Robert Kisteleki wrote:
> 
> IMO an "RP has no obvious way to acquire missing objects" is not
> entirely true.
> 
> If, at the previous run, the RP fetched the relevant (now missing)
> object, then I see no reason to not use it again. Think of the
> previous run as an object a cache if you will: if you're looking for
> an object mentioned in the manifest, and you have it already (hash /
> name / etc. matches) then you can reuse it.

That is theoretical possible, but in practice you treat synchronising
and validation of repository content as two separate steps. I.e, before
you even start looking at a CA’s repository, you synchronize its
content. This is enshrined in the way both rsync and RRDP work: They
don’t update single files but entire directory trees all at once. This
step includes deleting objects that have been deleted on the server.

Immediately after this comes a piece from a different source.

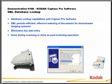In this demonstration we're going to be showing the database lookup capabilities of Capture Pro software. With database lookup you can more efficiently and effectively index documents for a downstream imaging system.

Since the complete RPKI repository has a hierarchical structure
following the rsync URIs of objects, many RP implementations keep the
objects in the file system only. This is in particular useful for
rsync: Just let rsync update the directory in place. An additional
bonus of this strategy is that you don’t need a fancy database.

You could, of course, concoct a mechanism that marks files for deletion
and only deletes them if they aren’t actually used in the next
validation run. But, considering that this thread is actually
subjected “trying to limit RP processing variability,” I am not sure
this is a good idea. There is a strong likelihood that different
strategies will behave slightly differently. If we really want to
come to a point where every RP implementation produces the same output
from given input, we need to defined simple rules that are easy to
implement in a wide range of circumstances.

Another consequence of doing this is that validation on a newly
deployed RP software differs from one that has been running for a
while. As a consequence, the datasets from two different caches
configured in routers differ. So now you even have difference between
caches running the same software.[0]

Kind regards,
Martin 

[0] Yes, with broken RRDP servers where snapshots differ from a
    sequence of deltas, this can happen too. We should perhaps also
    look into improving the robustness of RRDP.